Download the database of Farsi Steaming datasets for evaluation
The Persian stemming data set includes a set of Persian words that have been stemmed or reduced using morphological analysis methods. These words are accessible as a text file and are usually used for use in natural language processing or building machine learning models. The Persian stemming data set is known as one of the important data sets in the field of Persian language processing.
Explanations about Steaming
Stemming is one of the natural language processing methods that uses linguistic rules and different algorithms to transform words into their basic forms or roots. This method is usually used in natural language processing and text analysis to convert different words that are actually related to a common root or meaning into a similar form.
For example, using the stemming method, the words "I'm going", "I'm gone" and "we went" are converted into the word "went". This work is very useful for text processing and analysis because by reducing the number of words and converting them to the basic form, language rules and patterns can be easily identified, and with this, text analysis and processing can be done faster and more accurately.
Steaming is usually done using different algorithms. Some of these algorithms are: Porter's algorithm, Lemma's algorithm and the closest path algorithm. These algorithms convert words into their base form or roots according to linguistic rules and lexical patterns.
There is no standard dataset to evaluate the accuracy of Persian root algorithms. In order to create a dataset to evaluate the correctness of bases, we need a set of words along with their stems.
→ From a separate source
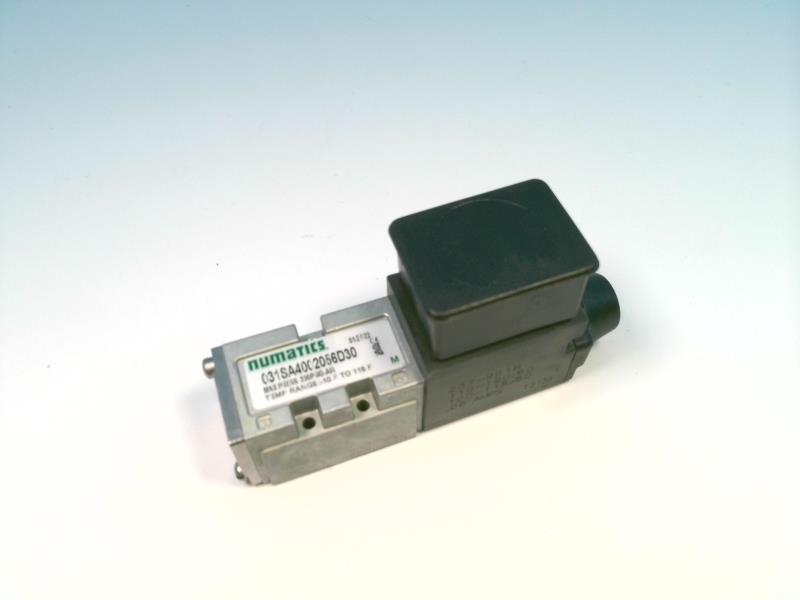 ASCO 031SA4002056D30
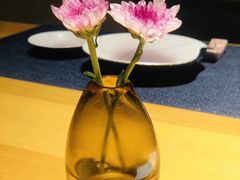 -本逸·割烹料理(湖墅店)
These datasets are automatically extracted from two manually rooted datasets. The first dataset consists of a set of words and their roots extracted from the PerTreeBank collection . This collection contains 4689 distinct words. In addition, to perform a better evaluation, we selected a large text set for the second data set. The words and their roots are extracted from this data set from the collection of the Persian Affiliation Tree Bank . It contains 26,913 distinct words. These two data sets are of good quality in terms of the variety of speech part tags.
Each root data set consists of three columns. The first column is the inflectional word, the second is its root, and the third is its part of speech. You must add your roots to the fourth column. Then you can use the following command.
Sample database images
Dear users, it is recommended to download.